Capabilities and know-how. Developing countries may lack the necessary technical expertise and human resources to adopt and maintain cutting-edge technology for infrastructure resilience. Building the capacity of local engineers, architect, and construction workers to implement new design innovations is essential but challenging in developing countries. Training programmes, knowledge-sharing initiatives and technology transfer partnerships are needed to address this capacity gap.
Access and availability. Access to technology and expertise may be limited in developing countries, making it difficult to acquire and implement these solutions effectively. In some locations inadequate infrastructure and connectivity may hinder the adoption and integration of advanced technology solutions.
Regulatory barriers. In some cases, outdated or rigid regulatory frameworks may pose barriers to the adoption of innovations. Streamlining approval processes and updating building codes and standards to incorporate resilient design principles can help overcome these regulatory challenges. A legal vacuum with respect to digital and other advanced technologies can also hamper their utilisation potential in developing countries.
Socio-economic factors.
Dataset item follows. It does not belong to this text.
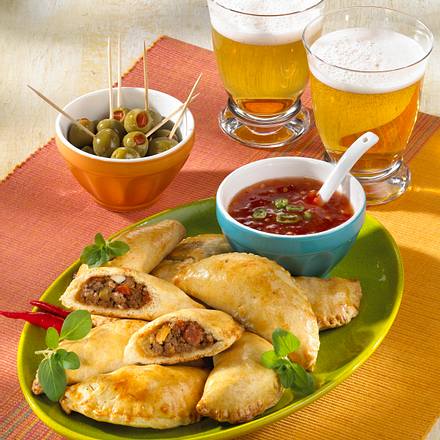 Empanadas mit Hackfüllung Rezept Empanadas mit Hackfüllung Rezept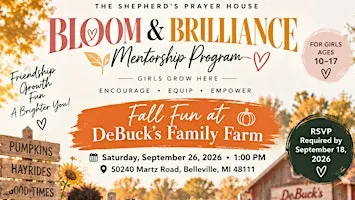 Bloom and Brilliance Mentorship Program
Socio-economic factors such as poverty, inequality and informal settlements can complicate the implementation of new design innovations in developing countries. Addressing these factors requires comprehensive approaches that consider social, economic, and cultural contexts.
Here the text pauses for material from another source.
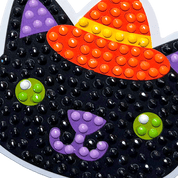 Spooky Fun | Mini Razzle Dazzle DIY Gem Sticker Kit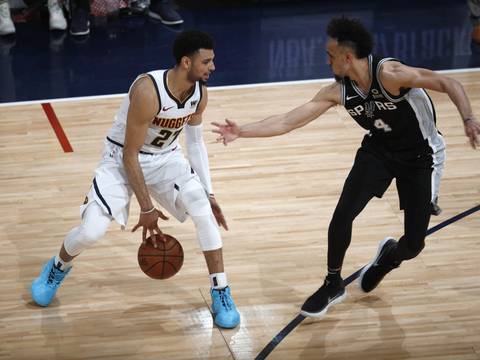 Nuggets despiertan en cuarto período y se ponen 1-1 con Spurs, en &#039;playoffs&#039; de la NBA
Different definitions of NBS exist. OECD defines NBS as measures that protect, sustainably manage or restore nature, with the goal of maintaining or enhancing ecosystem services to address a variety of social, environmental and economic challenges. NBS can contribute to the climate resilience of infrastructure by:
Strengthening overall resilience of infrastructure networks and protecting people by complementing grey solutions. For example, around Tanzania’s capital, Dar es Salaam, a combination of NBS (restoration of 3 000 square metres [m2] of coral reefs and 1 245 ha of mangroves) and grey infrastructure (2.8 km of sea walls, groynes and sea defence structures) provide protection from sea level rise and rain-induced flooding, directly benefiting around 58 000 people (UNEP, 2022[20]).
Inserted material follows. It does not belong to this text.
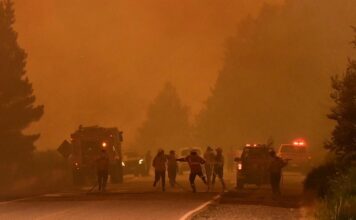 Una delegación de 63 combatientes de Córdoba se suma al operativo contra el incendio en Patriada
Protecting grey infrastructure assets, ensuring their safe functioning and enhancing their operable life. In the Philippines, mangroves act as living safeguards to avert more than USD 1 billion in damage to residential and industrial infrastructure, while protecting over 600 000 people from flooding annually.
Providing flexible and adaptive solutions in the context of climate change. NBS also have the potential to recover their functions following extreme weather events. For example, coastal wetlands can migrate upwards in response to rising seas (if sea level rise is within certain limits and there is undeveloped space to expand) (Borchert et al., 2018[21]).
Estimates show that NBS for infrastructure can cost half as much as grey alternatives, while generating 28% more in added value (Bassi et al., 2021[22]). Moreover, through enhancing human well-being and the quality of life in diverse ways, NBS also provides important social co-benefits, including health outcomes. However, NBS solutions are still used largely at pilot scales. To promote wider uptake of NBS, national governments need to design innovative institutional, policy, regulatory and financial frameworks. These should enable the use of NBS by both public sector agencies and authorities, as well as private actors.
Source: Based on OECD (2024[12]), “Harnessing Nature-based Solutions for climate-resilient infrastructure” in Infrastructure for a Climate-resilient Future.
To overcome these challenges, developing countries need:
Financial support. Financial assistance from MDBs and DFIs and donor countries to offset the initial costs of acquiring cutting-edge technology can be a game changer in facilitating the adoption.
Technology transfer and partnerships: Establish partnerships with technology providers, research institutions and developed countries to facilitate technology transfer and capacity building.
Training and education. Invest in training programmes and educational initiatives to build local capacity and expertise in utilising and maintaining cutting-edge technology for infrastructure resilience.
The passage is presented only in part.